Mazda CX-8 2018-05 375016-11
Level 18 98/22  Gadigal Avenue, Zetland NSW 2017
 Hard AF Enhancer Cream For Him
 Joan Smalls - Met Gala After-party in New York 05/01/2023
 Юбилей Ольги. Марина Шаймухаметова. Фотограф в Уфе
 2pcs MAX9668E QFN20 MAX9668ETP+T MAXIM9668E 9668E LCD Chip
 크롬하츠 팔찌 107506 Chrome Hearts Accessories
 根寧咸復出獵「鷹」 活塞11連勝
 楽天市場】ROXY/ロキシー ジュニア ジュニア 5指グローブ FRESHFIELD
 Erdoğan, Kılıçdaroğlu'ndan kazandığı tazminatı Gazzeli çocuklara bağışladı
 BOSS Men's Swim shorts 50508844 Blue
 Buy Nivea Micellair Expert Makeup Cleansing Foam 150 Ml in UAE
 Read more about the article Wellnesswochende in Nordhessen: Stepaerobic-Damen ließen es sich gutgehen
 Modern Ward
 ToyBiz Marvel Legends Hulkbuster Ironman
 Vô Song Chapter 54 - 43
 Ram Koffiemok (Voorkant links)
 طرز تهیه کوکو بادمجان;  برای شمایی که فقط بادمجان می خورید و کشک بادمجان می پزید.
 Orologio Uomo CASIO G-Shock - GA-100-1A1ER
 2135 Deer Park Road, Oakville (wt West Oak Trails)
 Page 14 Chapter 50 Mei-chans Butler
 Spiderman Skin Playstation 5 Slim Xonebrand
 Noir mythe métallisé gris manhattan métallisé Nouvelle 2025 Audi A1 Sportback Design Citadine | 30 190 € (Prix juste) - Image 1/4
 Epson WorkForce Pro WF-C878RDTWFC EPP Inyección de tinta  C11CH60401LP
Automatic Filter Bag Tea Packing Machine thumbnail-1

## Aim of the exercise
Exactly the lines from the one with "Vô Song Chapter 54 - 43" through the end of the entries, both included, should be written out, and no others.

## Answer section
 Vô Song Chapter 54 - 43
 Ram Koffiemok (Voorkant links)
 طرز تهیه کوکو بادمجان;  برای شمایی که فقط بادمجان می خورید و کشک بادمجان می پزید.
 Orologio Uomo CASIO G-Shock - GA-100-1A1ER
 2135 Deer Park Road, Oakville (wt West Oak Trails)
 Page 14 Chapter 50 Mei-chans Butler
 Spiderman Skin Playstation 5 Slim Xonebrand
 Noir mythe métallisé gris manhattan métallisé Nouvelle 2025 Audi A1 Sportback Design Citadine | 30 190 € (Prix juste) - Image 1/4
 Epson WorkForce Pro WF-C878RDTWFC EPP Inyección de tinta  C11CH60401LP
Automatic Filter Bag Tea Packing Machine thumbnail-1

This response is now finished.